====== DATA RECORDS ======
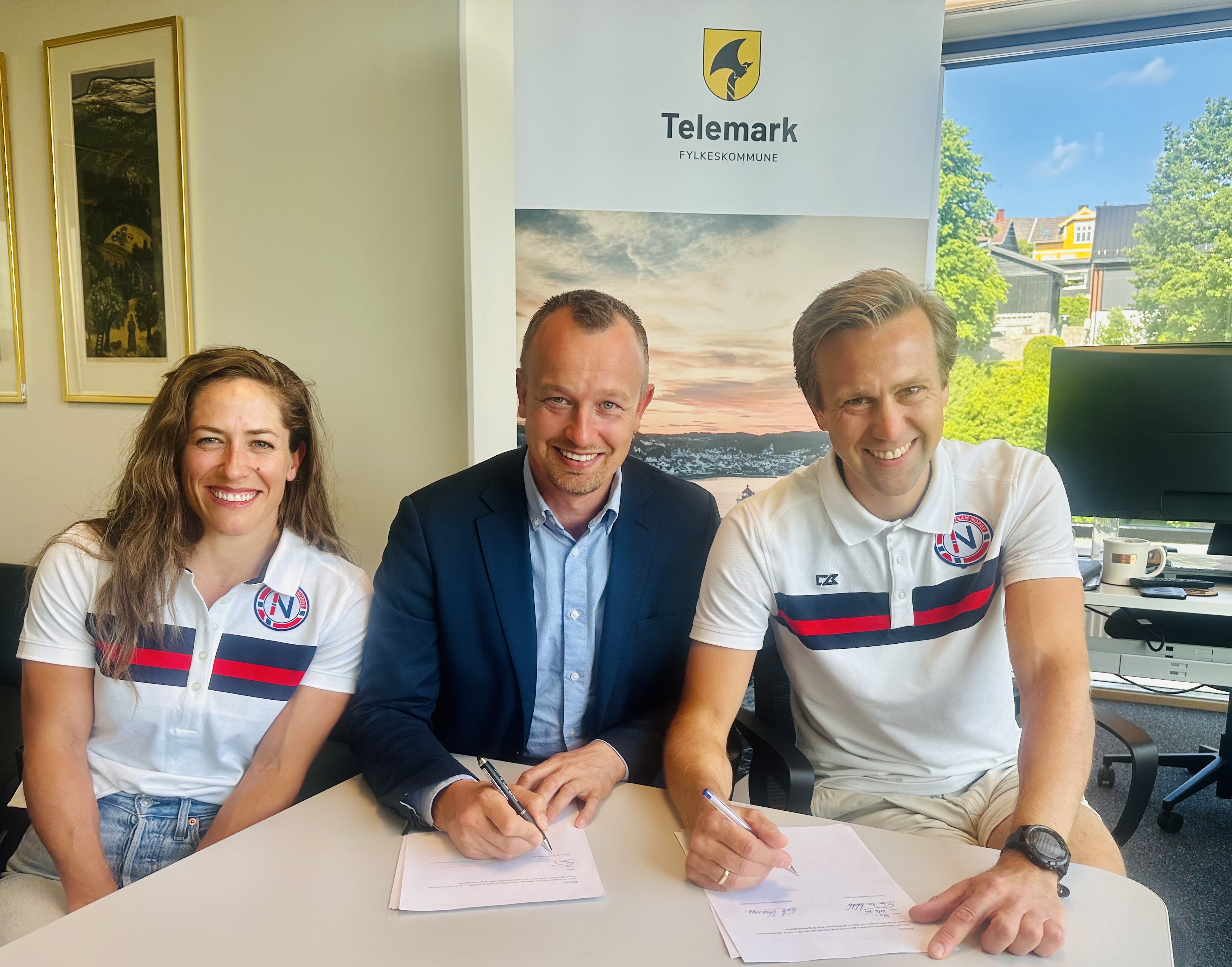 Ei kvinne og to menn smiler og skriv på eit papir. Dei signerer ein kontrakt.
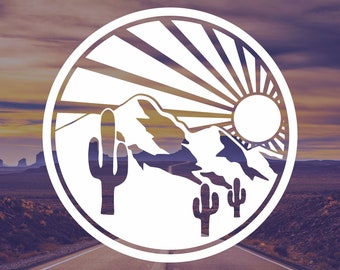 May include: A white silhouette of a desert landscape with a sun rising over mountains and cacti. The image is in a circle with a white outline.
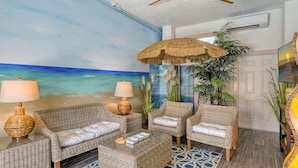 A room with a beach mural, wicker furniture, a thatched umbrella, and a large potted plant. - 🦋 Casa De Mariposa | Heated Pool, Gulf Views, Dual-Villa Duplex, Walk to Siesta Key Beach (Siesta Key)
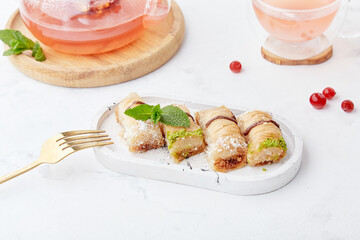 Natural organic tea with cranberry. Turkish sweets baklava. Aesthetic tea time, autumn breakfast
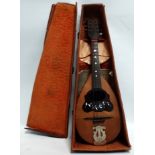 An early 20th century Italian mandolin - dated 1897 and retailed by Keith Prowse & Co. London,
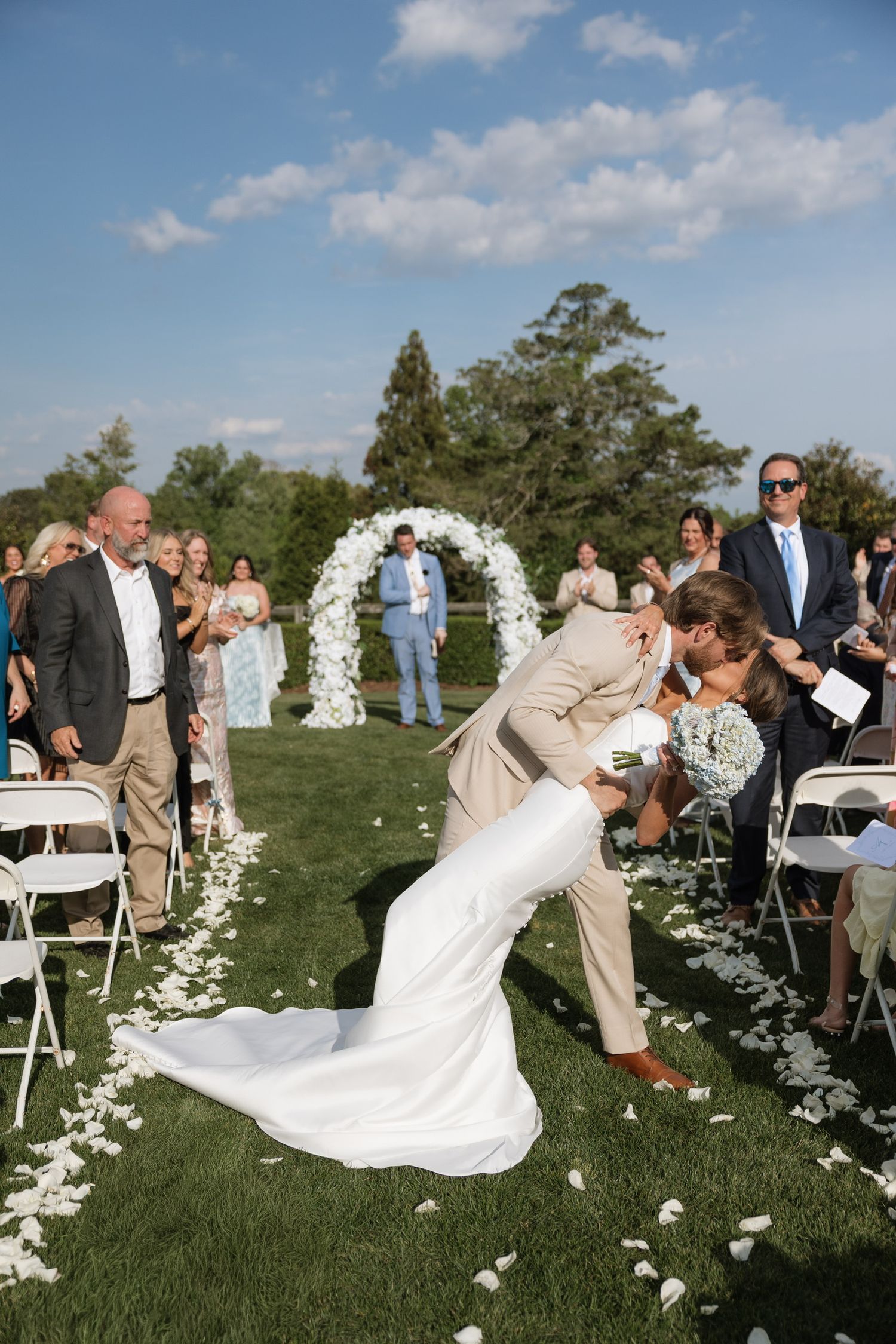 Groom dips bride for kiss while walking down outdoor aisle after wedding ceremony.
======
TASK STATEMENT:
Give the entries again, exactly and in full, with no image included.

SOLUTION TO THE EXERCISE:
 Ei kvinne og to menn smiler og skriv på eit papir. Dei signerer ein kontrakt.
 May include: A white silhouette of a desert landscape with a sun rising over mountains and cacti. The image is in a circle with a white outline.
 A room with a beach mural, wicker furniture, a thatched umbrella, and a large potted plant. - 🦋 Casa De Mariposa | Heated Pool, Gulf Views, Dual-Villa Duplex, Walk to Siesta Key Beach (Siesta Key)
 Natural organic tea with cranberry. Turkish sweets baklava. Aesthetic tea time, autumn breakfast
 An early 20th century Italian mandolin - dated 1897 and retailed by Keith Prowse & Co. London,
 Groom dips bride for kiss while walking down outdoor aisle after wedding ceremony.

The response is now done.